The Blessed Tinyness of Daily Joy
The journey you must take to reach for the stars must begin from within. – Anne B. Weil
A simple life. Days filled with tasks. Tasks, small powerful achievements. The kitchen counter cleaned. The dishwasher unloaded.
Two hundred x’s on a cross-stitch tree.
Black and white meaning carved into the bark of this world we call the Internet.
Cross-throughs that wave through words on pages I am savoring and slicing.
The bleat of goats and the romp of dogs glad you’ve arrived.
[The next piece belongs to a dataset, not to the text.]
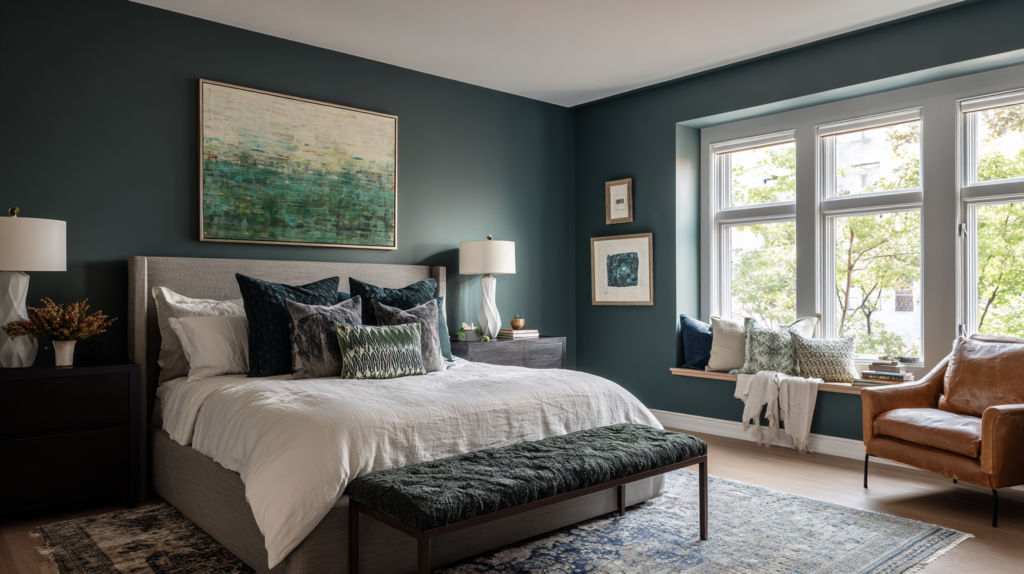 beautifully painted bedroom with rich moody blue-green walls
Every single time.
The warmth of an egg “hot from the chicken.”
A conversation – slow, unguarded – with people whose questions echo those I’ve asked before or will soon.
Coffee rich with cream and sugar.
The soft curls of my favorite pen on paper, the lilt of language written with blood and bone.
Two dogs, asleep, the expanding silence of a 200-year-old farmhouse. My ears settle back against my head.
My friend Kelly reminded me last week that “Sometimes you just have to lean into the joy.” And I want to lean, to trust that this life we’re building – with all these happy mouths and a barn and my days spent at this computer alone – is good. But in my mind I hear the voices – “should” “more” “potential.” I read those voices and reinforce them in blogs about how to . . . how to anything really.
I’m stopping that reading. I’m silencing those voices with my own joy in the simple life.
Yesterday, someone told me that she was jealous of these writers who command huge honorariums for speaking, and I heard her words echo inside myself. But as she continued speaking, her words became rich with joy as she talked about the value of cooking, of working on cars – of the skills that we often denigrate when we talk of art.
But her voice – the emulation of craft – reminded me – joy is not confined to big things. In fact, I wonder if it can even abide there at all. I wonder if joy is something that we must find in mustard-seed tinyness.
I keep seeing the colors from the cross-stitch I am making for my father-in-law. Rich greens and blues and rusty oranges. I imagine them and feel them rise in my throat like song.
There is no more to do than what is here today, tasks, gifts, small things. Beyond that – beyond me – is not mine to carry. So I let it go and lean into the small joy.
May your day be settled. May you find joy in what today carries – recovery, work, the laughter of children, the gait of a basset hound puppy. May you silence the “should” and “more” and find here and now.